2.4. Computational Efficiency and Practical Scope

All simulations were performed using the commercial optical simulation software LightTools on a standard desktop workstation (Intel i9-class CPU, 32 GB RAM). Depending on the ray number and scattering parameter settings, each simulation corresponding to a specific LOCS III grade required approximately 15 min to several tens of minutes of computation time. The computational cost scales primarily with ray count and particle concentration scenarios. Consequently, the proposed model is computationally tractable for routine offline use and is well suited for parametric analysis, mechanistic investigation of particle-induced light scattering, and generation of physically grounded reference datasets.
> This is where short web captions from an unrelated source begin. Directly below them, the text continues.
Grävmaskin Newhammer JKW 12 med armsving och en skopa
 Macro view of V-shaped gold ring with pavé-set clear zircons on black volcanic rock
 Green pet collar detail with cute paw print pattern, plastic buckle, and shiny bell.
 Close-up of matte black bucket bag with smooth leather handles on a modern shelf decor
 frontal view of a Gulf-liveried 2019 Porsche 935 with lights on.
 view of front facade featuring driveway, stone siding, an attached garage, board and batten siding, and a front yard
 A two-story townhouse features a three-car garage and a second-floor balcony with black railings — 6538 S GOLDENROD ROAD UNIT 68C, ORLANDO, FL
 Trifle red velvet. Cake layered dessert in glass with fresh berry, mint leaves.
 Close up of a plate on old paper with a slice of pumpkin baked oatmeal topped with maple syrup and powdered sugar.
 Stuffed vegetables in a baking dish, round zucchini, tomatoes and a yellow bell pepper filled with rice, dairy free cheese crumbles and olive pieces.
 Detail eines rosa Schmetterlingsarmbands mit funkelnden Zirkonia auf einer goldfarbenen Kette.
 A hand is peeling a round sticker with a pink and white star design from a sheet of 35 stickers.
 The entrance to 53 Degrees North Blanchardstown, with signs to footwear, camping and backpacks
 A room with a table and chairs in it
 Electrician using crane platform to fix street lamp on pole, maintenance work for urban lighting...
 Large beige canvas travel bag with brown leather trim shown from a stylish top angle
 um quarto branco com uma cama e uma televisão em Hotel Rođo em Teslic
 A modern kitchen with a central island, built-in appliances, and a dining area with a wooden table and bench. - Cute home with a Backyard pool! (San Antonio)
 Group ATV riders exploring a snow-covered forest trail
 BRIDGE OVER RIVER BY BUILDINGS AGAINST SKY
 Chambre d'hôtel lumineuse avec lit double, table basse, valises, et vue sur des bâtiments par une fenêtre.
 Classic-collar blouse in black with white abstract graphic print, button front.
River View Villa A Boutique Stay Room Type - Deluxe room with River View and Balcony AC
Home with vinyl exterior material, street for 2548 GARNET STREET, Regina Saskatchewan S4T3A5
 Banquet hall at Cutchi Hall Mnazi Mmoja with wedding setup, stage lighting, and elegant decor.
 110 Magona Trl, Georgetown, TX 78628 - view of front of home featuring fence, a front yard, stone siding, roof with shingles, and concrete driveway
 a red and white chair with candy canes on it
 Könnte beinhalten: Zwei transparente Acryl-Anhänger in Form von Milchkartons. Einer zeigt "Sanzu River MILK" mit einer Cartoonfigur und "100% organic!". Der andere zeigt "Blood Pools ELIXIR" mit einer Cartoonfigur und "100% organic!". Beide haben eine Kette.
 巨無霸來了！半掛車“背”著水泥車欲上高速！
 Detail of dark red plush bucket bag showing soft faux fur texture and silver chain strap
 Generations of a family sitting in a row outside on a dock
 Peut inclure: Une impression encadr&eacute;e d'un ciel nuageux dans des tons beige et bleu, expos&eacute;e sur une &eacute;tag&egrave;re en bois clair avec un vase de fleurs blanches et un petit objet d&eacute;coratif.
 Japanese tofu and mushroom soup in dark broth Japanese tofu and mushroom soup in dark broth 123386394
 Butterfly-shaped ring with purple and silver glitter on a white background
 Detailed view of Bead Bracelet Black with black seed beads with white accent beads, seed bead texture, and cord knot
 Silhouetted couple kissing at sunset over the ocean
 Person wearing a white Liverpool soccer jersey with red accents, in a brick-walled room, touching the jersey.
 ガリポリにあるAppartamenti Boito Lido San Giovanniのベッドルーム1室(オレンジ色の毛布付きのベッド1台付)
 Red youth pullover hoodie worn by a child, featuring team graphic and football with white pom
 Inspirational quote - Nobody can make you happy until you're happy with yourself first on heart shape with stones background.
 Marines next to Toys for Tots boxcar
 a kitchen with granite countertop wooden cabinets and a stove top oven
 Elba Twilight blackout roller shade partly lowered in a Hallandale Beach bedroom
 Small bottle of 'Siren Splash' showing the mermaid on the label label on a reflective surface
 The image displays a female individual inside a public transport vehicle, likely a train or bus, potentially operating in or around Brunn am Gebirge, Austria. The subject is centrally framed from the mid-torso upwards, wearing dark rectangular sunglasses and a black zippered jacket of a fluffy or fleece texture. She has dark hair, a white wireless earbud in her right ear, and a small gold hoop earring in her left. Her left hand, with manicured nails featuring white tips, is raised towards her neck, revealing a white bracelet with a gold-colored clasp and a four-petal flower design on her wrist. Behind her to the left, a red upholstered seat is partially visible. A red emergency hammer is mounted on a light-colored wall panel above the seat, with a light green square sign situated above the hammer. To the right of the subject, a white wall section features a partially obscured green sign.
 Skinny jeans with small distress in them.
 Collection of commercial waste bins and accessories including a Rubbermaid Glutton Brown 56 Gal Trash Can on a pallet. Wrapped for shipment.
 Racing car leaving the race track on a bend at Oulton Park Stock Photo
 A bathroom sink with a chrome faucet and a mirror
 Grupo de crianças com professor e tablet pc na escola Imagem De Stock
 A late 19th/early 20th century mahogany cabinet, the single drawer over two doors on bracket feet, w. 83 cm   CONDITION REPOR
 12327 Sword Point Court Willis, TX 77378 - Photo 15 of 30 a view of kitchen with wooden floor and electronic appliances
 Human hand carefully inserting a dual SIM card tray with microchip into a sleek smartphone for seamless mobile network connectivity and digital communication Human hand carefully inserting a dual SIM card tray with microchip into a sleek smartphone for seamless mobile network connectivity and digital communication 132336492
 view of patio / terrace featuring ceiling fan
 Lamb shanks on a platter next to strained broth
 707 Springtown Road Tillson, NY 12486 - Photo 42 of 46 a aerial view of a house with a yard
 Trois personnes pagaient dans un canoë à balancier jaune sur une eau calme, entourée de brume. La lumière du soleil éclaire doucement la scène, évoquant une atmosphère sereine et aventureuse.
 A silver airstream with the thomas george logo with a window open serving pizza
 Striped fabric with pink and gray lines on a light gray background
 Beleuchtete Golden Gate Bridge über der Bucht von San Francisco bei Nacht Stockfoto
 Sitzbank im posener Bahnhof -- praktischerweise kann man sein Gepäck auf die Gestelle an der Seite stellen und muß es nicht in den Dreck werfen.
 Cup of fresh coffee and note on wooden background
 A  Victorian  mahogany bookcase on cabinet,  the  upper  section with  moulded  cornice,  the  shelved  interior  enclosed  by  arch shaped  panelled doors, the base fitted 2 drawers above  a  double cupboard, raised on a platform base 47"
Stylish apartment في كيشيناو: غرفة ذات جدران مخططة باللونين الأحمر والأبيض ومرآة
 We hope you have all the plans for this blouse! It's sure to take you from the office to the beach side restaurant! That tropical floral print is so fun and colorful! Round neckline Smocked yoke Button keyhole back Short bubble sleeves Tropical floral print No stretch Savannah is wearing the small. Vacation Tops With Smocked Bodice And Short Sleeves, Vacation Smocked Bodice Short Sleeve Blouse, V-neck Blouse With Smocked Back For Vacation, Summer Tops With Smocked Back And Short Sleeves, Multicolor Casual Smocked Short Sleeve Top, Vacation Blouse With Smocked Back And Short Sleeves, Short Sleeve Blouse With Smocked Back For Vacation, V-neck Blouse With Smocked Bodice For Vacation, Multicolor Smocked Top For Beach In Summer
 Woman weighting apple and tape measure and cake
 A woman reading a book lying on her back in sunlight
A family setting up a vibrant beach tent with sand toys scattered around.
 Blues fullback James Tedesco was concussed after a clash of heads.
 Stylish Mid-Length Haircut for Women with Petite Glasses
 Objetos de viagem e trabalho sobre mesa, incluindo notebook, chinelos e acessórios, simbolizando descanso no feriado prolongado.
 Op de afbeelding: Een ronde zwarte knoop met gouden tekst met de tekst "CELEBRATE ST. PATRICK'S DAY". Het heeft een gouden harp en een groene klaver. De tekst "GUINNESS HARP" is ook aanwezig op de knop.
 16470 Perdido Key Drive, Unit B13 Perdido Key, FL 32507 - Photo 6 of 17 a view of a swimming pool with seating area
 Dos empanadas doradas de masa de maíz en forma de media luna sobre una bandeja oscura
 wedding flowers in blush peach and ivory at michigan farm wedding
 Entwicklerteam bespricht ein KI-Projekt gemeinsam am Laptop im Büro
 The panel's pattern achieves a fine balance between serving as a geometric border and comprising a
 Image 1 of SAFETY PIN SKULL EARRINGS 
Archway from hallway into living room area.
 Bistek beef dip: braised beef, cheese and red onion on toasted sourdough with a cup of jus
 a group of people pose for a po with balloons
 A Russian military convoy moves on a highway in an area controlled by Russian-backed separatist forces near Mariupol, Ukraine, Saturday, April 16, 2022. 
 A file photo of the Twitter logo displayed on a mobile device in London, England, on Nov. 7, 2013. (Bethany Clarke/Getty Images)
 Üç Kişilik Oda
The framework is not intended for real-time clinical deployment, but rather to support interpretation of clinical grading (e.g., LOCS III), objective imaging modalities, and emerging AI-assisted cataract assessment by providing a physics-based reference.

2.5. Model Assumptions and Limitations

The present model adopts several simplifying assumptions to ensure computational feasibility while preserving the dominant physical mechanisms governing light scattering in nuclear cataracts. First, the complex refractive index of the crystalline lens and cataractous particles is represented using effective, wavelength-dependent absorption spectra combined with real refractive indices derived from prior experimental studies. This approach avoids introducing spatially varying complex refractive index distributions, which would significantly increase model complexity without proportional gains in predictive power for LOCS III-level analysis. Second, scattering particles are assumed to be randomly and uniformly distributed throughout the lens volume. This assumption reflects a population-averaged representation of cataractous lenses and is consistent with previous computational and Monte Carlo scattering models. The present framework is therefore intended to capture grade-dependent optical trends rather than patient-specific micro-structural heterogeneity. Third, L-type particles are initially assigned absorption characteristics identical to those of M-type particles. This choice is motivated by the lack of reliable wavelength-resolved absorption data for micrometer-scale multilamellar bodies. As demonstrated in Section 2.1 and Section 2.2, forward and backward scattering effects are dominated by particle size and concentration, while absorption primarily modulates overall luminance and chromaticity. Sensitivity analyses in higher LOCS III grades further indicate that increased absorption can compensate for chromaticity deviations when large particles are present. These assumptions define the current scope of the model and highlight directions for future refinement, including incorporation of spatially inhomogeneous particle distributions, particle-specific absorption spectra, and patient-specific lens geometries when suitable experimental data become available.

3. Conclusions

In our original model, particle concentrations and absorption spectra were tailored to LOCS III grades. To assess L-type particle impact, simulations set L-type concentration below 2% of M-type. Forward scattering simulations reveal decreasing power transmittance ratio with rising L-type concentration, particularly noticeable in higher LOCS III grades (NO5-NC5 and NO6-NC6). Adjusting M-type concentrations to maintain consistent luminance shows one L-type particle equals at least 6.13 M-type particles in luminance reduction. In backward scattering, L-type particles have negligible effects on luminance and chromaticity in lower LOCS III grades but significantly enhance luminance in higher grades (NO5-NC5 and NO6-NC6), warranting clinical consideration. Various S-type, M-type, and L-type combinations can achieve acceptable luminance and chromaticity in cataractous eyes, offering multiple options for specific cataract grades.